US employers added far fewer jobs than originally reported in the year through March, the Labor Department said on Wednesday, underscoring the growing concerns the Federal Reserve has about the health of the labor market as it gears up to start cutting interest rates in September.
The department's estimate for total payroll employment for the period from April 2023 to March 2024 was lowered by 818,000. The revision represented a total downward change of about 0.5% and means that monthly job gains during the period averaged roughly 174,000, compared to the previously reported figure of 242,000.
The sharply lower number is the first of two “benchmark” annual revisions undertaken by the department as it collects more accurate data only available in the months after it publishes the monthly payrolls report.
If the tally holds through the final revision in February, it would be the largest downward revision since the 902,000 reduction to employment in March 2009.
It also chimes with the view of some economists that data-gathering issues mean the strong job gains previously reported have been systematically overestimated.

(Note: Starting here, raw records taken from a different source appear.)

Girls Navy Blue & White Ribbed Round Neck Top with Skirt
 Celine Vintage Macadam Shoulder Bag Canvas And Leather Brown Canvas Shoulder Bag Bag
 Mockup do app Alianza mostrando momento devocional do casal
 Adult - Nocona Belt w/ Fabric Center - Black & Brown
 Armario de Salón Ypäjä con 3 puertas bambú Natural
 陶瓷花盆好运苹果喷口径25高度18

Private employment growth was revised down by 819,000, or 0.6% below what had been previously estimated by the department. Government employment was basically unchanged.
The professional and business services category saw the biggest reduction of jobs, shedding 358,000, or 1.6%, from the prior estimate, followed by leisure and hospitality at 150,000 jobs, down 0.9%. The hard-pressed manufacturing sector saw a reduction of 115,000 jobs, also down 0.9%.
The few sectors that saw upward revisions included private education and health services, up 87,000, or 0.3%; transportation and warehousing, up 56,400, or 0.9%; and utilities, up 1,700, or 0.3%.
The revisions suggest government and private employers had about 157.3 million workers on their books in March on a seasonally adjusted basis, down from about 158.1 million as previously reported.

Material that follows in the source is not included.